- [The records]:
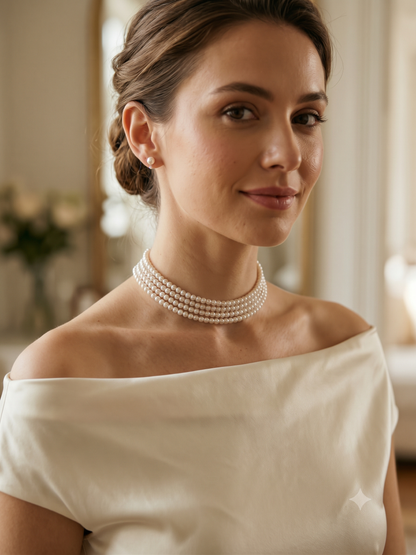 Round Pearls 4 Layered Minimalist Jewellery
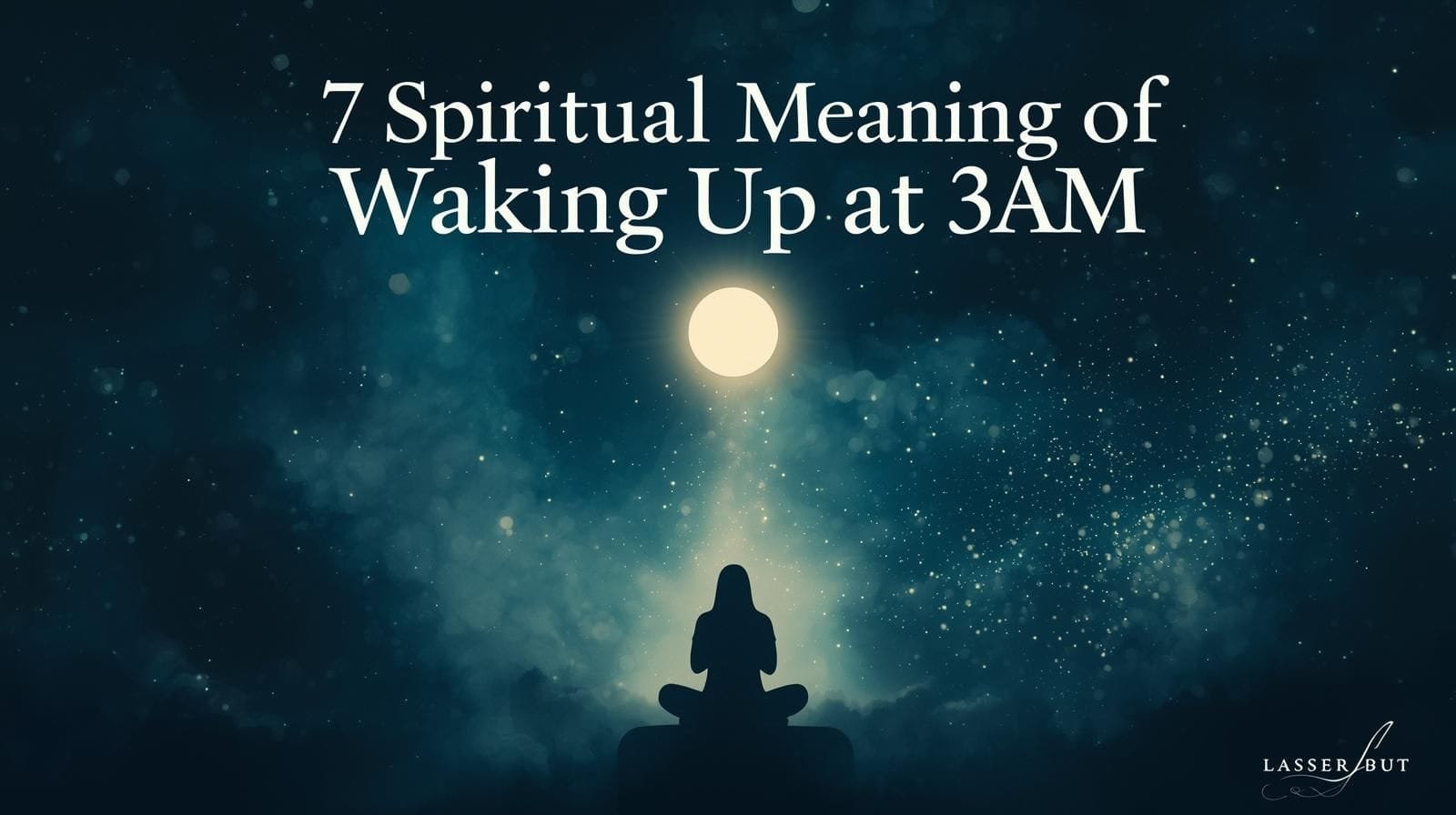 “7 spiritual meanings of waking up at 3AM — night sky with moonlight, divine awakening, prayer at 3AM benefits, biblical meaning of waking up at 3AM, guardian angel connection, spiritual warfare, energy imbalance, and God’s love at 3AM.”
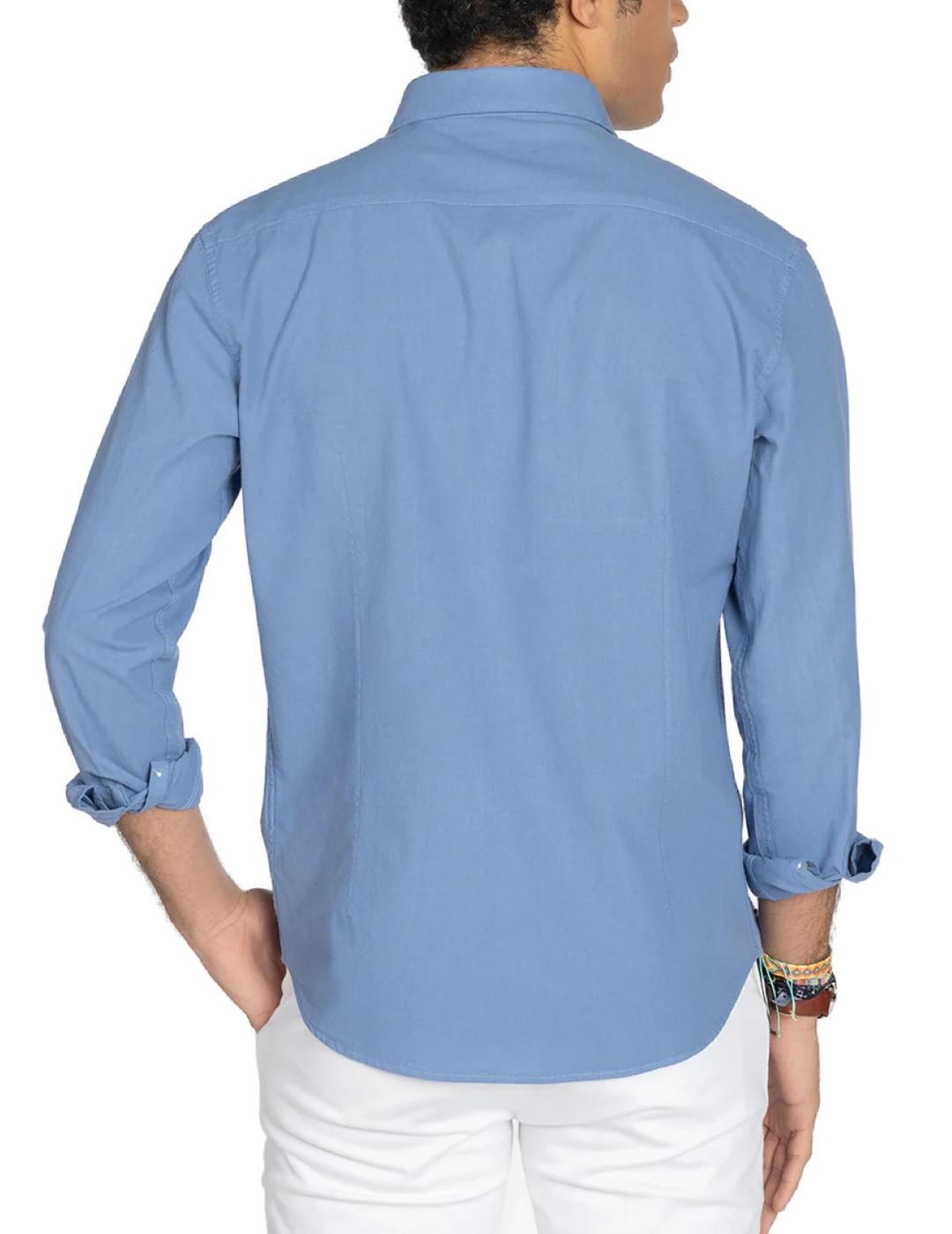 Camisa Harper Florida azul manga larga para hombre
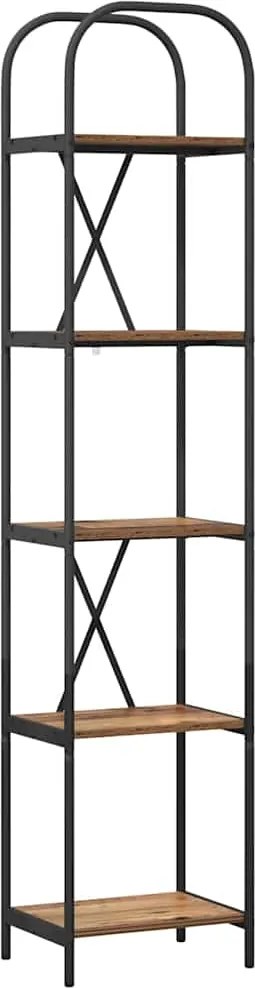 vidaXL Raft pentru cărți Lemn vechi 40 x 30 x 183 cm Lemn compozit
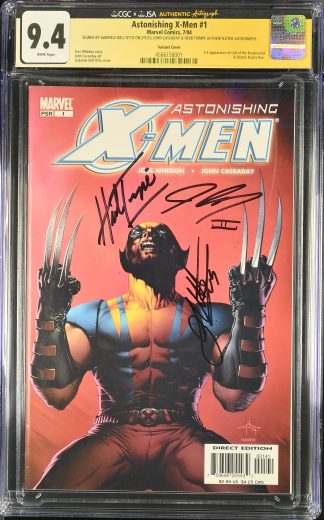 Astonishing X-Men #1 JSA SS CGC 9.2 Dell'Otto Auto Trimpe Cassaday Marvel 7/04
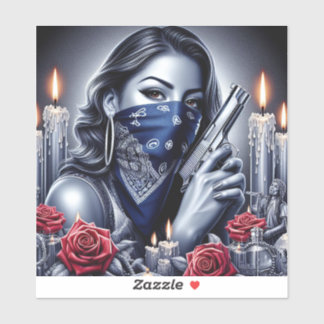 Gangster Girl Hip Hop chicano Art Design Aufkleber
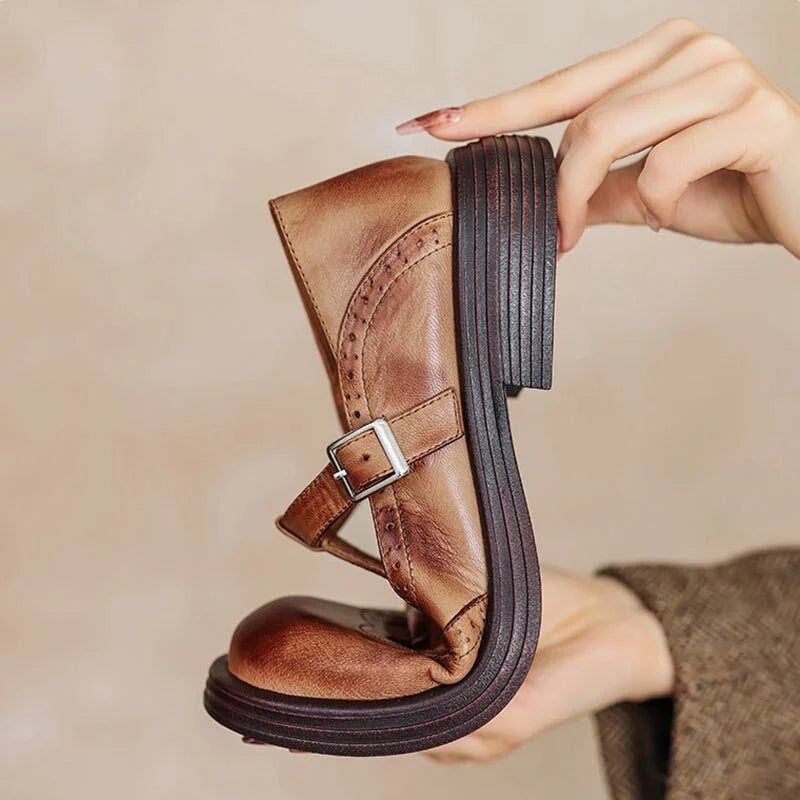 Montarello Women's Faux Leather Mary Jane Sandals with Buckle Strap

- [What is expected]: Copy nothing but the lines from the line that contains "Astonishing X-Men #1" through the end of the listing, exactly, and keep pictures out of it.

- [The answer]:
 Astonishing X-Men #1 JSA SS CGC 9.2 Dell'Otto Auto Trimpe Cassaday Marvel 7/04
 Gangster Girl Hip Hop chicano Art Design Aufkleber
 Montarello Women's Faux Leather Mary Jane Sandals with Buckle Strap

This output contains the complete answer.